> _Exercise prompt_:
An exact copy of the data is required. No picture may appear in it.

> _Record extracts_:
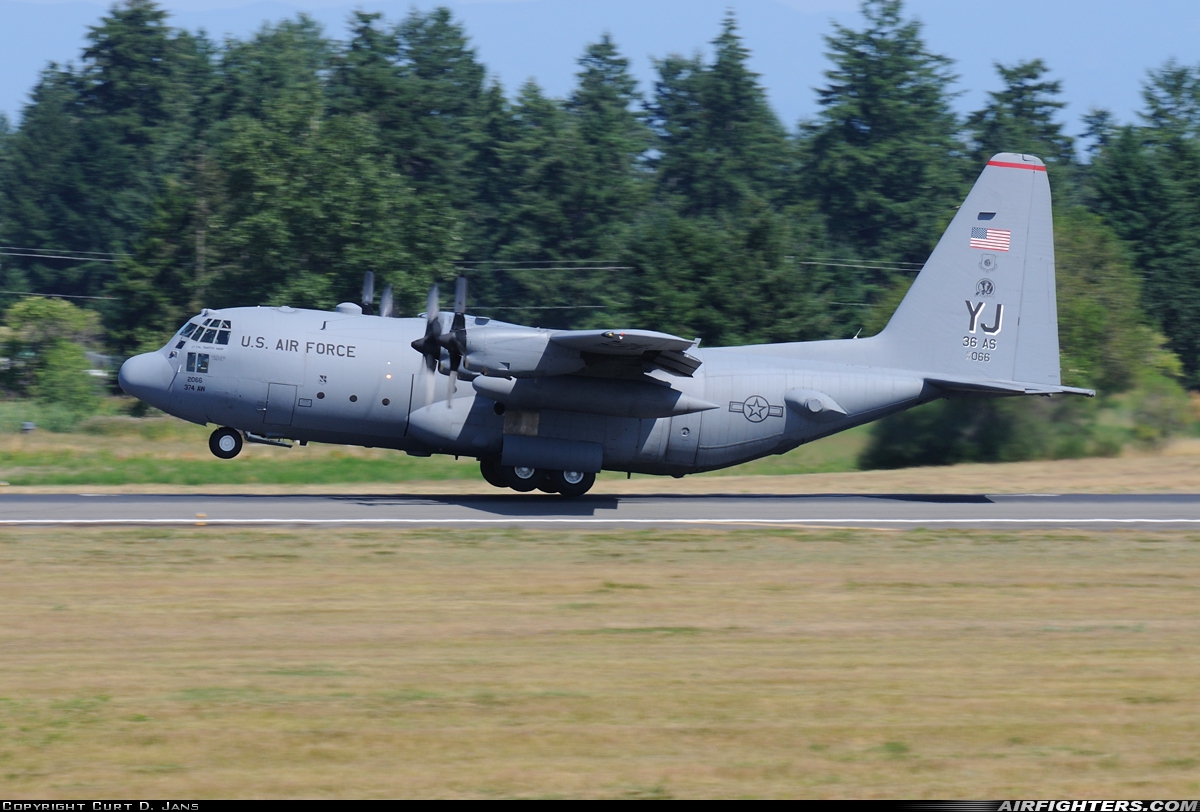 USA - Air Force Lockheed C-130H Hercules (L-382) 74-2066 at Tacoma - McChord AFB (TCM / KTCM), USA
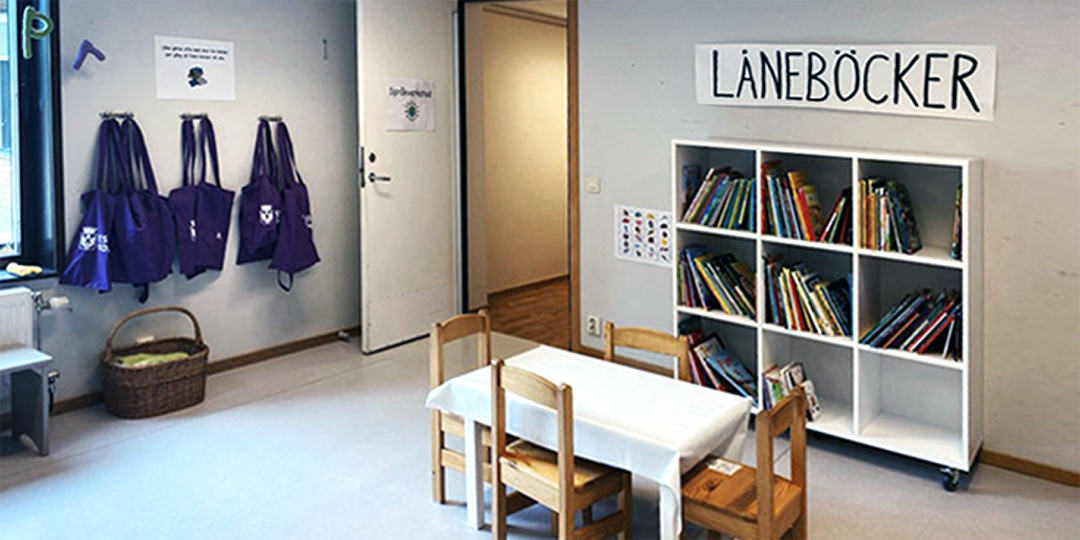 Ett kapprumsbibliotek på en förskola.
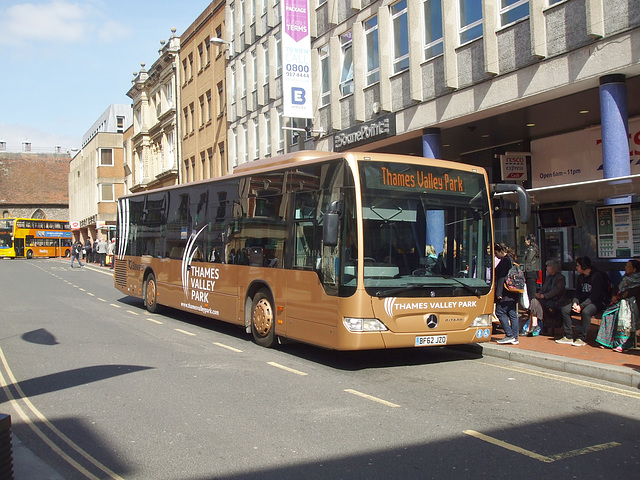 DSCF6643 Stewarts Coaches BF62 JZO in Reading - 5 Apr 2017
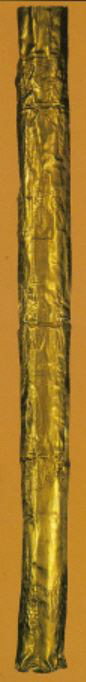 1호 구덩이에서 나온 황금지팡이. 길이가 1m43㎝이고, 무게는 463g이다.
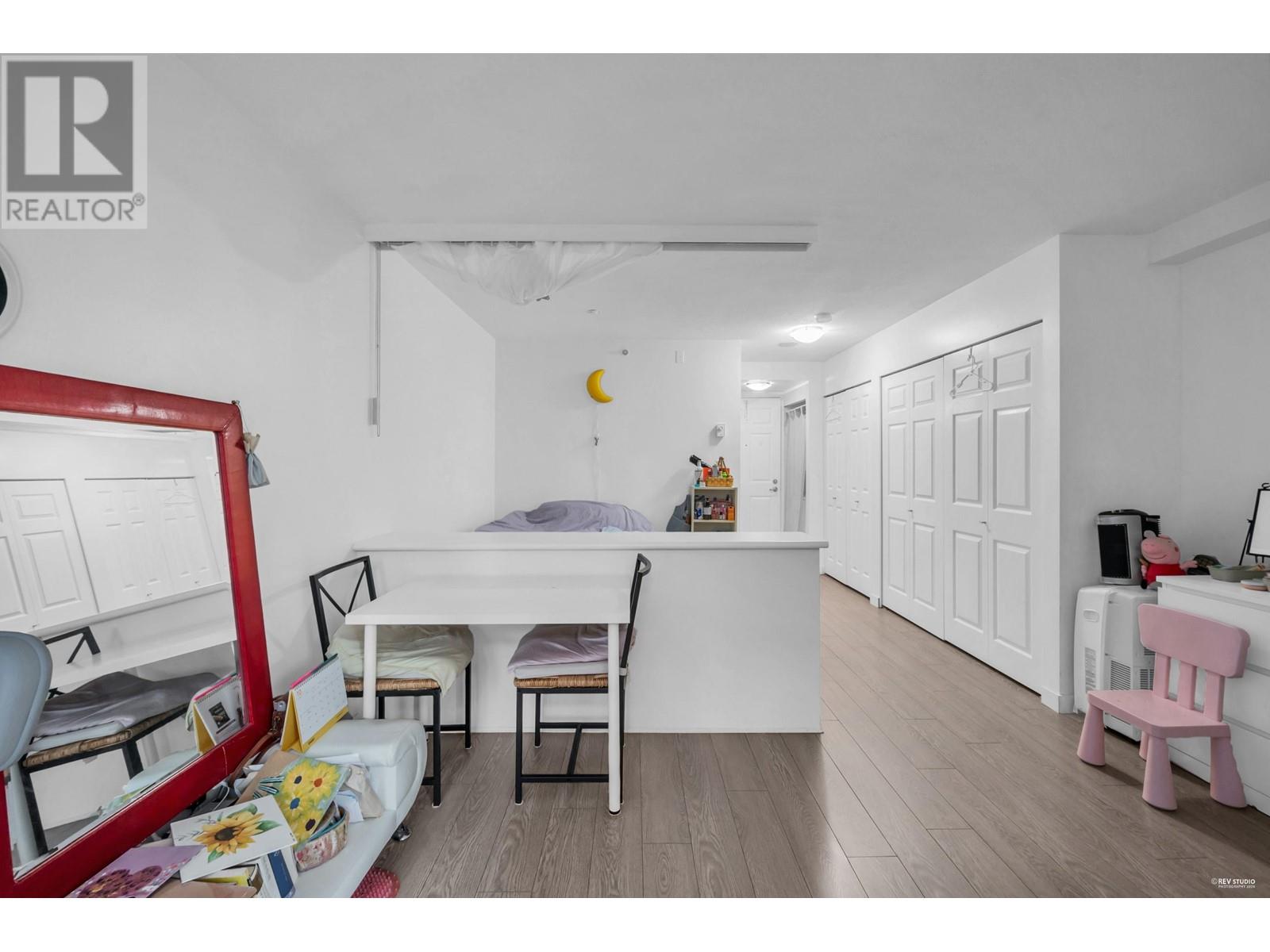Photo 16 of 402 1188 Richards Street, Vancouver BC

> _Task answer_:
 USA - Air Force Lockheed C-130H Hercules (L-382) 74-2066 at Tacoma - McChord AFB (TCM / KTCM), USA
 Ett kapprumsbibliotek på en förskola.
 DSCF6643 Stewarts Coaches BF62 JZO in Reading - 5 Apr 2017
 1호 구덩이에서 나온 황금지팡이. 길이가 1m43㎝이고, 무게는 463g이다.
Photo 16 of 402 1188 Richards Street, Vancouver BC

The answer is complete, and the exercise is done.